== EXERCISE DETAILS ==
Below are lines of data; restate word for word those running from the line containing "Women’s Floral Round Neck Sweatshirt" to the line containing "Calo T-Shirt (Front)", inclusive, and no others.

(Dataset items)
* * * * *
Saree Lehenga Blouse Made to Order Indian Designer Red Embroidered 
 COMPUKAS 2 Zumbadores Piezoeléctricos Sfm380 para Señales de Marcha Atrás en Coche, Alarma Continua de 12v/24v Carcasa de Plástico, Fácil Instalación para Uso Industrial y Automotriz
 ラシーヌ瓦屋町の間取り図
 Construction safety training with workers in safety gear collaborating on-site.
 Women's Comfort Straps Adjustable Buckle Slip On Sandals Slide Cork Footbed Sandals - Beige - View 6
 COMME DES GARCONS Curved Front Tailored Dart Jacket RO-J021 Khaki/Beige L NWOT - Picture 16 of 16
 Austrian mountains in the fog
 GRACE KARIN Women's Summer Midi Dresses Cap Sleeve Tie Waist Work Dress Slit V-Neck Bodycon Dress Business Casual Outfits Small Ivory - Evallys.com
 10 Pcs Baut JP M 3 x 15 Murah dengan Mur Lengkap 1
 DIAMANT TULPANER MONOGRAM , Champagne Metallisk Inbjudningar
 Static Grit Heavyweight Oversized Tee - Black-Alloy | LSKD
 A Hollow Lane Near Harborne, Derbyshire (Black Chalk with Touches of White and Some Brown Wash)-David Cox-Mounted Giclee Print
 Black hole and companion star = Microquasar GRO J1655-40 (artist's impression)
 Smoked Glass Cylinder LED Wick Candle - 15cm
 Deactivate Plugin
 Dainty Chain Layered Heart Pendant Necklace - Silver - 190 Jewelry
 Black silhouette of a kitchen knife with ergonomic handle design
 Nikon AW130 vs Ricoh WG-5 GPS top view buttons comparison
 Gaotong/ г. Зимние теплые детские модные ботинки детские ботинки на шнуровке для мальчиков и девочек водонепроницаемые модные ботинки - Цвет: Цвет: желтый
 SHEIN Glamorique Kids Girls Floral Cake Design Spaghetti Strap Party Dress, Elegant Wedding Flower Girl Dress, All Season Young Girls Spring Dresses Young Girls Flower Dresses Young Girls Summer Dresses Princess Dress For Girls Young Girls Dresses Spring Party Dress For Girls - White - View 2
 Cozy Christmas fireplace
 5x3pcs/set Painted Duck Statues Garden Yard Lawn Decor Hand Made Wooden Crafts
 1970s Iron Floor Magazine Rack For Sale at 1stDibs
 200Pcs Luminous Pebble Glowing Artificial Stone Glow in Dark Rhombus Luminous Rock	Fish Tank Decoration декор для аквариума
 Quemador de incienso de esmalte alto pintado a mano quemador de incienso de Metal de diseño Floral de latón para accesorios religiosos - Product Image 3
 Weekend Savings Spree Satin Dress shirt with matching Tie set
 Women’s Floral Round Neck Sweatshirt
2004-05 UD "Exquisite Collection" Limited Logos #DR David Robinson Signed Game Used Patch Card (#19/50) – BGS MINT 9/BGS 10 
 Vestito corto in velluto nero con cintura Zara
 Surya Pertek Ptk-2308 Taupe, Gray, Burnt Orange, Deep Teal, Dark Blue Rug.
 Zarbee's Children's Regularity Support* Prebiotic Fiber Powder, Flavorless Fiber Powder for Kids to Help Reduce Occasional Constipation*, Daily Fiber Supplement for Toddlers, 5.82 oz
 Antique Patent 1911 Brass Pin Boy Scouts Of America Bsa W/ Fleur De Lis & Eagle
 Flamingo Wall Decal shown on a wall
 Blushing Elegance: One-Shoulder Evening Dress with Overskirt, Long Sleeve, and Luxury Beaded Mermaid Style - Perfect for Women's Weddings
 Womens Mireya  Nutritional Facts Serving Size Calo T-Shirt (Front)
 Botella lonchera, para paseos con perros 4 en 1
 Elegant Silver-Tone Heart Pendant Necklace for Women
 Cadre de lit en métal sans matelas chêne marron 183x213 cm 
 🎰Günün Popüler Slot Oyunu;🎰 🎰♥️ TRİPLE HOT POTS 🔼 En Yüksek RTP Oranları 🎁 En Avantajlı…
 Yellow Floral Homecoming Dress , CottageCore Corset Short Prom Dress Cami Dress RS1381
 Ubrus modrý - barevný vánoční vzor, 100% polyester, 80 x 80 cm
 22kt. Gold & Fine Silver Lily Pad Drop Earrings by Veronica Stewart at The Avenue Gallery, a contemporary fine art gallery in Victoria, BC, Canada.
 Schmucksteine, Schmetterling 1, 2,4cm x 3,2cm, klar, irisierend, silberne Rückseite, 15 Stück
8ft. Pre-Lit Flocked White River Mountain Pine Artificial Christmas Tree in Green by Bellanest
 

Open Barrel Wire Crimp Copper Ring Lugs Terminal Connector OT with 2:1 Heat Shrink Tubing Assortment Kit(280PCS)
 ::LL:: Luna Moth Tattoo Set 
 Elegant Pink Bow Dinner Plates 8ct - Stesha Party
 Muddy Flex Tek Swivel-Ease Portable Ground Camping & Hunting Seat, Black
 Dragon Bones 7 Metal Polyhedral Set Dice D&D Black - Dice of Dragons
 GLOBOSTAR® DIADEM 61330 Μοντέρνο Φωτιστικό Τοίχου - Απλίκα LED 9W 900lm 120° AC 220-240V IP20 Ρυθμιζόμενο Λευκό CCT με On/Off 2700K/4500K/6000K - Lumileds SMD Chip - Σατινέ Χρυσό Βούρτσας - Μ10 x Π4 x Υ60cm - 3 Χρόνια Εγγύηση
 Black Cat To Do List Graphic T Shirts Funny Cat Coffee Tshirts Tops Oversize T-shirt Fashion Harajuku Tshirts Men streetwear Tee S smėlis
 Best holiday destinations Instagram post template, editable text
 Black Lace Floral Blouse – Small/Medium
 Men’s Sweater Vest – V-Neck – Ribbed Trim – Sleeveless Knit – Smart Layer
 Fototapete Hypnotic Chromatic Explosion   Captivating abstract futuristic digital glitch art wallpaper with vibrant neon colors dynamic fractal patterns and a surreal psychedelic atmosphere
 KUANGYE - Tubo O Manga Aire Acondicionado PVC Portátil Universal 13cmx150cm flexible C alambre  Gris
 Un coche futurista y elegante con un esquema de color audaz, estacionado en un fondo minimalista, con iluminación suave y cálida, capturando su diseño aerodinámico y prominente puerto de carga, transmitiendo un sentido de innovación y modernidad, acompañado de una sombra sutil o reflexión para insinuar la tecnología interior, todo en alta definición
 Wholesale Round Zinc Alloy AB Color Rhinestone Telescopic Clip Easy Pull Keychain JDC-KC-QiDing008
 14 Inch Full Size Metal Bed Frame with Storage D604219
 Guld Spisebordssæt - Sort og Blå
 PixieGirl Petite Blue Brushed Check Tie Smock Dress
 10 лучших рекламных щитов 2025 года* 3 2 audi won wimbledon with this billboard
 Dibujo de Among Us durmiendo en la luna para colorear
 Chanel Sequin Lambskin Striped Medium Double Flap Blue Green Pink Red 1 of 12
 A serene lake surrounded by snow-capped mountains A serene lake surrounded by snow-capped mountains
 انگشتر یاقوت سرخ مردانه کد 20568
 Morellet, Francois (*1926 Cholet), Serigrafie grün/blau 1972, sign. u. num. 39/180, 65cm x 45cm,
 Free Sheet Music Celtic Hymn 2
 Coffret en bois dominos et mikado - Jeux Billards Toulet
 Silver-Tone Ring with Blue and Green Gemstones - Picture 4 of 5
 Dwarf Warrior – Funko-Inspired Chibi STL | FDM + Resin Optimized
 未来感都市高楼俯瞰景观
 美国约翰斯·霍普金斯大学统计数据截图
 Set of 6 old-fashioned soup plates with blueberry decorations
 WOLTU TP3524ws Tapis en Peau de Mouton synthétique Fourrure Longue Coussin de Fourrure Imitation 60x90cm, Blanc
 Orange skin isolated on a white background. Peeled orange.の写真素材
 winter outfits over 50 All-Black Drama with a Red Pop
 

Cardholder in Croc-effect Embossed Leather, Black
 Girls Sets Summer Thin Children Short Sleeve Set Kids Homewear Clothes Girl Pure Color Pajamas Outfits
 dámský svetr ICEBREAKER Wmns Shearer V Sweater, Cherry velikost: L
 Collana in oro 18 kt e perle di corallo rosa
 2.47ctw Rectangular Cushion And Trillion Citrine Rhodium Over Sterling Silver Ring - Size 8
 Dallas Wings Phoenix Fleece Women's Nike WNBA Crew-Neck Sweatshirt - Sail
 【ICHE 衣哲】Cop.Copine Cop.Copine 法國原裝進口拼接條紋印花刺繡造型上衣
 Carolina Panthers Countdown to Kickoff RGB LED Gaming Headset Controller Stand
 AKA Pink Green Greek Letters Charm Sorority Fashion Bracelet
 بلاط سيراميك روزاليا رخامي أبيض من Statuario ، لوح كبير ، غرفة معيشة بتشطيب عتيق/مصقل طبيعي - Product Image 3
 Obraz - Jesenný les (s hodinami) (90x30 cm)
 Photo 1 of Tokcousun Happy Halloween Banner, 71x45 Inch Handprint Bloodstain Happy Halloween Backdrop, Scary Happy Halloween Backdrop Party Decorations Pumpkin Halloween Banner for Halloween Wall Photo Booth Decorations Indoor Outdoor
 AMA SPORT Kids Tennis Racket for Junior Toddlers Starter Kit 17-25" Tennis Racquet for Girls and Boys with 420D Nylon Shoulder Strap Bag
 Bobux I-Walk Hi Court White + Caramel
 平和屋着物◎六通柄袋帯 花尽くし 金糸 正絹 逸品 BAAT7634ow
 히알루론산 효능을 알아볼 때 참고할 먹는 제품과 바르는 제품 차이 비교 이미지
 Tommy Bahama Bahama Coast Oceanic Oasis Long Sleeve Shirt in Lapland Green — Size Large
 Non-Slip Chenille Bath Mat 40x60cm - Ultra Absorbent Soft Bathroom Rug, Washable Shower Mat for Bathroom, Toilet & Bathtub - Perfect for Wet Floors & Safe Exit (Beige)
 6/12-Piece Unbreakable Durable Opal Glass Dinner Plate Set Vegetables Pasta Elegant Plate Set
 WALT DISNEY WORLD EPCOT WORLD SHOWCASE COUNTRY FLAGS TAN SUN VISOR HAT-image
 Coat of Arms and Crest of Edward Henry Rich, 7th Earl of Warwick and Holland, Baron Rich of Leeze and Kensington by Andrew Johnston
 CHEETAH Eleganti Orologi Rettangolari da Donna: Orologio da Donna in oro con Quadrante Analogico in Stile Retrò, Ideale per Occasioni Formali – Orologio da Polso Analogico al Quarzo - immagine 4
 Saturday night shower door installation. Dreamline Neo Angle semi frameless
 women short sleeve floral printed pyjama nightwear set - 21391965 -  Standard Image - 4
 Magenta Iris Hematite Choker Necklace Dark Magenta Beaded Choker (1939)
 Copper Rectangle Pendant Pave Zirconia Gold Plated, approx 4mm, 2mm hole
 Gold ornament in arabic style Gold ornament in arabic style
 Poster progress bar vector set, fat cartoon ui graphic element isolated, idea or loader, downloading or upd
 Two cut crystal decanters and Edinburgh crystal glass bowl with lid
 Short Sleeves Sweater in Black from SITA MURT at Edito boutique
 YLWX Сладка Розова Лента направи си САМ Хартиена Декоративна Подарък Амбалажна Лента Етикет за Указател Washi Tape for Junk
* * * * *
== ANSWER SPACE ==
 Women’s Floral Round Neck Sweatshirt
2004-05 UD "Exquisite Collection" Limited Logos #DR David Robinson Signed Game Used Patch Card (#19/50) – BGS MINT 9/BGS 10 
 Vestito corto in velluto nero con cintura Zara
 Surya Pertek Ptk-2308 Taupe, Gray, Burnt Orange, Deep Teal, Dark Blue Rug.
 Zarbee's Children's Regularity Support* Prebiotic Fiber Powder, Flavorless Fiber Powder for Kids to Help Reduce Occasional Constipation*, Daily Fiber Supplement for Toddlers, 5.82 oz
 Antique Patent 1911 Brass Pin Boy Scouts Of America Bsa W/ Fleur De Lis & Eagle
 Flamingo Wall Decal shown on a wall
 Blushing Elegance: One-Shoulder Evening Dress with Overskirt, Long Sleeve, and Luxury Beaded Mermaid Style - Perfect for Women's Weddings
 Womens Mireya  Nutritional Facts Serving Size Calo T-Shirt (Front)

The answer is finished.